Whenever a band of the classic rock era puts out an album these days, some fans will always be dismissive, assuming the group is either past its prime or has replaced too many members to recapture the magic. However, these skeptics would be proven very wrong upon hearing the Zombies’ latest release, Still Got That Hunger, which hearkens back to the band’s earlier days in a number of interesting ways, most prominently in how it was recorded. Quite similar to the way Odessey and Oracle was made, the band essentially played live together on each track and selected the best takes rather than recording each performer’s piece separately and arranging them later. Even the eclectic album cover was designed by the same artist responsible for Odessey and Oracle‘s colorful jacket.

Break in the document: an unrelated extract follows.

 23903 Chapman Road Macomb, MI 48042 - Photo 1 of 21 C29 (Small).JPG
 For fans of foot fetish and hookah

But in spite of the similarities, Still Got That Hunger is not an attempt to reinvent Odessey and Oracle by any means. Though the approach may be somewhat the same, the final product is an entirely different animal, encompassing the wide variety of influences inherent in the band’s original records, all while keeping it fresh with new twists and styles along the way. The album is well made and enchanting in its own right, thanks to the combined talents of original lead singer Colin Blunstone and keyboardist Rod Argent, along with guitarist Tom Toomey, drummer Steve Rodford, and bassist Jim Rodford, who travel the musical gamut from jazz, to blues rock, to the unique brand of gothic pop the band is most famous for.
Right away, the Zombies show off their range by opening with the bluesy rocker “Moving On,” which is likely to shock any listener who’s only heard their more mellifluous hits like “She’s Not There” and “Time of the Season.” I even found myself second guessing whether that was really Colin Blunstone, known for his soothing, ethereal voice, belting out this swaggering tune. Yet, considering the group’s R&B roots, it’s really not that much of a surprise, and even somewhat calls to mind their ’60s-era cover of Gene Vincent’s “I’m Going Home.”

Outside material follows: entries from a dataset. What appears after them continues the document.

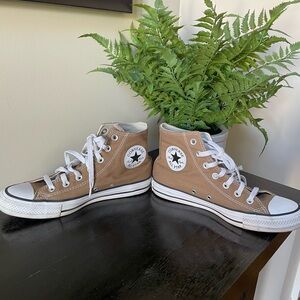 CONVERSE Chuck Taylor high-tops. Women size 8/Mens size 6. Cool color!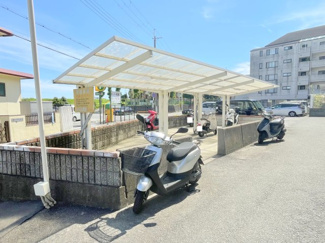 【駐車場】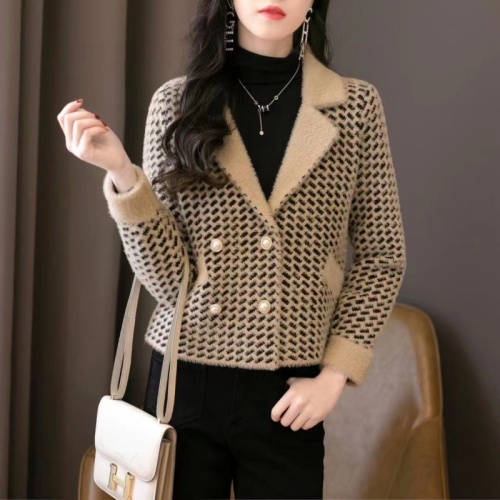 Gold Mink Velvet Jacket Women's Houndstooth Short Petite Top 2024 Autumn and Winter New Suit Collar Knitted Cardigan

From this hard-hitting number, the album takes a sharp a U-turn into “Chasing the Past.” Beginning with an almost classical piano intro, joined by Blunstone’s haunting vocals, everything about the song is distinctly Zombies, from the unique chord changes right down to Argent’s trademark organ solo. It’s definitely a standout track and just the kind of moody gem a fan would expect from a Zombies record. A similar sound is also found in the beautifully melancholy “Now I Know I’ll Never Get Over You” which feels strongly rooted in ’60s baroque pop, despite its more modern instrumentation, as well as in the lovely piano-based tune, “Little One,” wherein we get to hear Blunstone’s and Argent’s fantastic musical chemistry shine on its own.

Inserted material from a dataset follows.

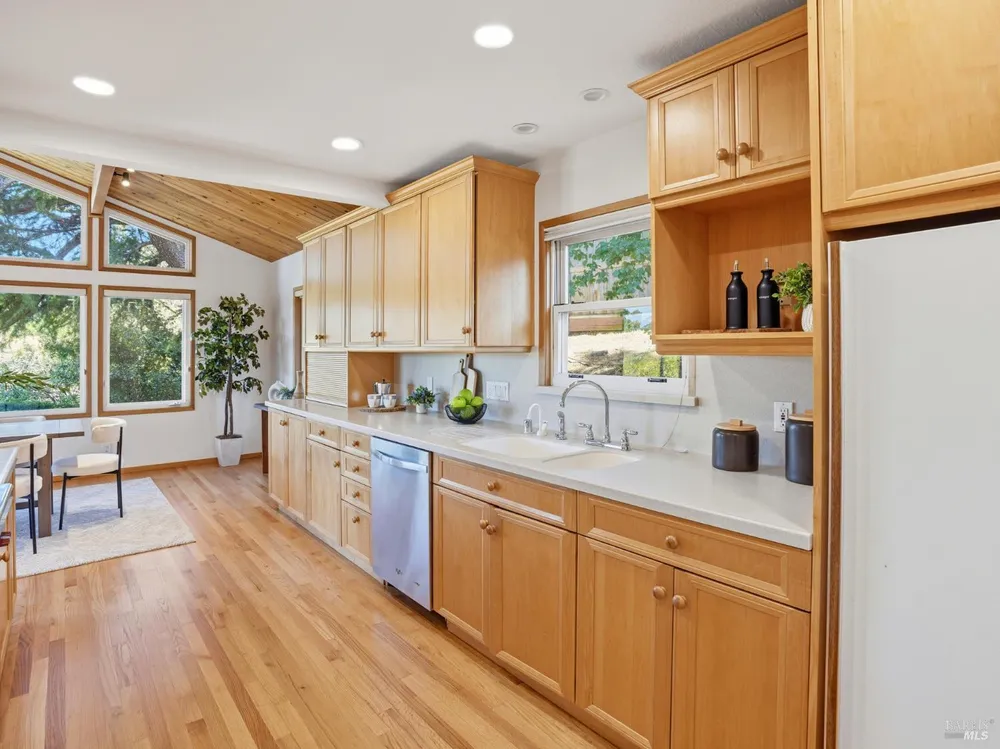 66 Granada Dr, Corte Madera, CA 94925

Though there are mellow moments, a highly optimistic mood seems to run throughout the entire album. “Edge of the Rainbow” is a gospel-tinged example of this, as is the wonderfully sunny “Maybe Tomorrow,” the hopeful “Beyond the Borderline,” and the nostalgic “New York,” which serves as a reflection on the Zombies’ first visit the United States during the British Invasion. What’s especially interesting about “New York” is that it provides a window into the Zombies’ past, describing their first performances at the Brooklyn Fox theater. They played six shows a day there, starting on a “snowy Christmas” in 1964, during which they were able to meet greats like Patti LaBelle and Aretha Franklin. It’s probably the album’s most sentimental track, but the delivery and the lyrics form a genuinely heartfelt tribute to a poignant moment in the band’s history.
Yet, nowhere is a return to the past more explicit than in the Zombies’ re-recording of their 1965 single, “I Want You Back Again.” This might initially be seen as a risky move, as any reinterpretation of a classic could easily be written off as lesser than the original, but the Zombies come through with a truly great take. Blunstone’s vocals are raw and soulful as ever, Argent’s soloing is endlessly impressive, and the electric guitar wailing out the hook gives the song a cool modern rock edge. The obvious conclusion by the track’s end is that these guys have definitely still got it.
As the album progresses, the overarching theme of interweaving the past and the present to create something new becomes all the more apparent. It’s clear that the Zombies have artistically grown and changed a lot, in ways that many British Invasion bands have not been able to do, while still retaining the core elements that made them so unique and memorable all those years ago. Still Got That Hunger is a remarkable testament to the Zombies’ continued relevance, creativity, and the solid songwriting that has always set them apart. And fortunately for fans everywhere, the band doesn’t seem to be losing their hunger for making great music anytime soon.